A light and luscious lemon mousse is the base of this recipe. It's a good stand-alone dessert, but here we've piped it into fancy glasses and layered it with fresh berries for an elegant presentation. The parfaits can be assembled a day in advance of serving; keep them covered with plastic wrap in the refrigerator.
From Food to Live By: The Earthbound Farm Organic Cookbook by Myra Goodman
Melt the butter in a small pan over low heat.
Place the eggs in the bowl of an electric mixer and beat on medium speed for 1 minute. Gradually add the sugar. Increase the speed to high and beat until the mixture is pale in color and very fluffy, about 5 minutes.
With the mixer running at low speed, add the butter and lemon juice.
Transfer the mixture to a heavy-bottom saucepan. Place over medium-low heat and cook, stirring constantly with a wooden spoon until the custard thickens, 5 to 10 minutes. The trick is to heat the custard enough to thicken it without scrambling the eggs. Don't let the custard simmer, and keep stirring! When the custard thickly coats the back of the wooden spoon so that if you draw your finger across it, the mark holds, it's done. (An instant-read thermometer will register 138 degrees F.)
Transfer the custard to a clean bowl. Press plastic wrap or wax paper against the surface and refrigerate until thoroughly cold. The wrap will prevent a skin from forming on the custard's surface.
Beat the cream with the lemon zest and rum, if using, until it forms soft peaks.
Whisk about half of the cream into the chilled custard to lighten the mixture, then fold the remaining whipped cream into the custard.
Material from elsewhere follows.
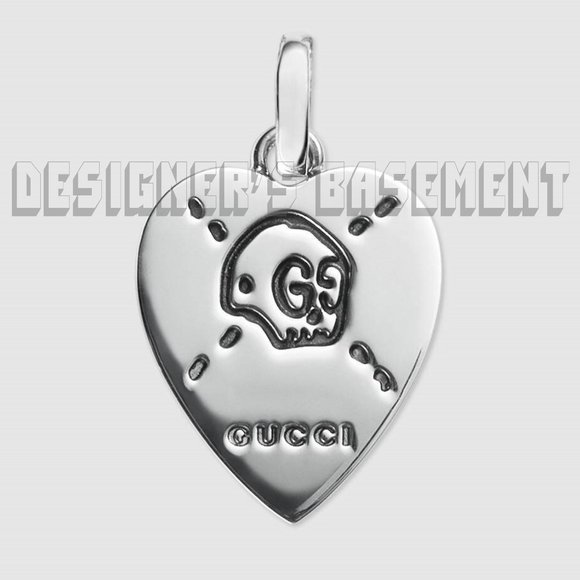 GUCCI Ag925 Sterling Silver HEART with GG SKULL Trouble Andrew pendant charm NIB - Picture 2 of 6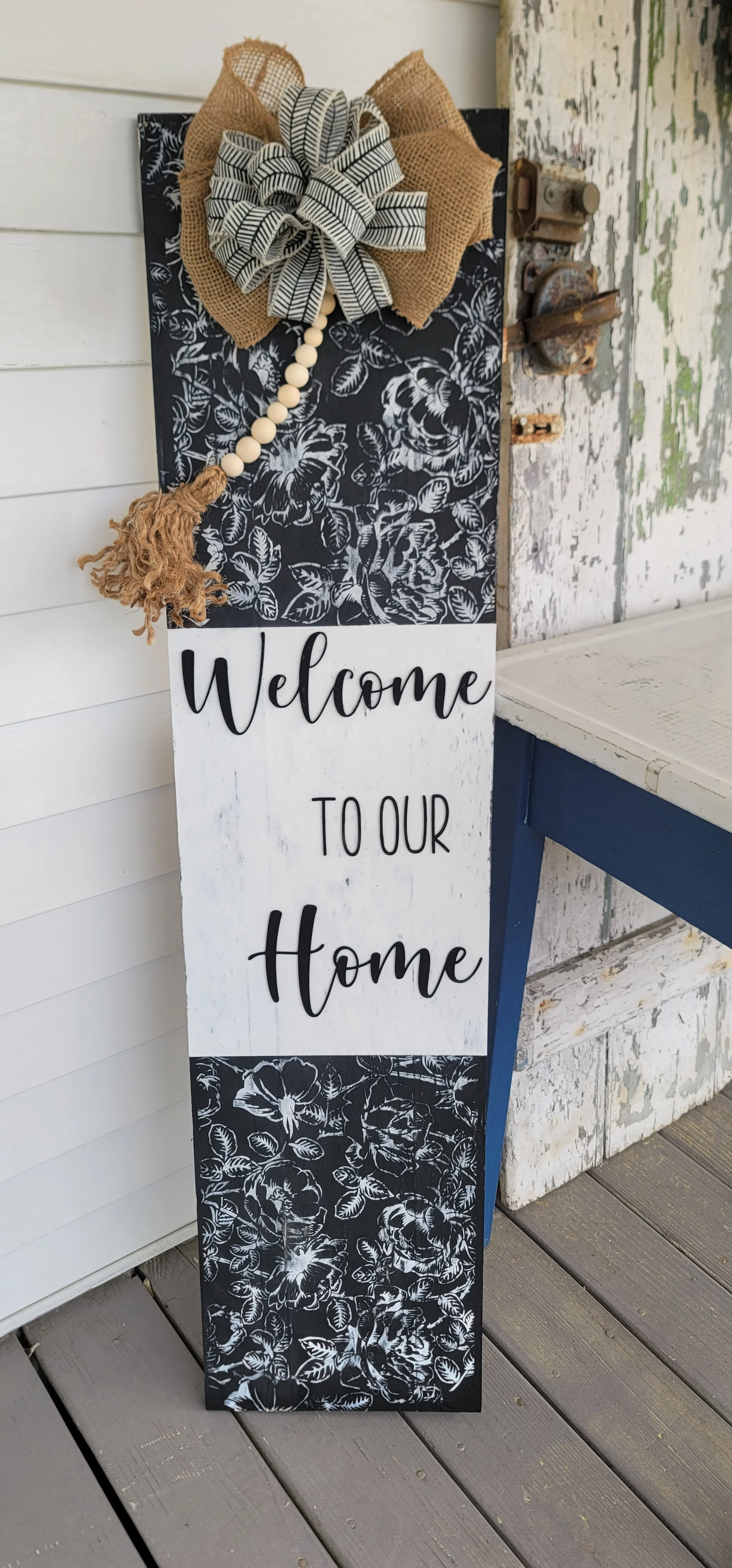 Porch learner, welcome sign, black and white signs, peony,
Transfer the mousse to a pastry bag.
Rinse the berries and dry them thoroughly. Place a few berries in the bottom of a martini or wine glass. Pipe a layer of mousse over the berries. Top with another layer of berries and cover with more mousse. Repeat, ending with mousse on top. Garnish each serving with a mint leaf.
Refrigerate, covered with plastic wrap, until serving time.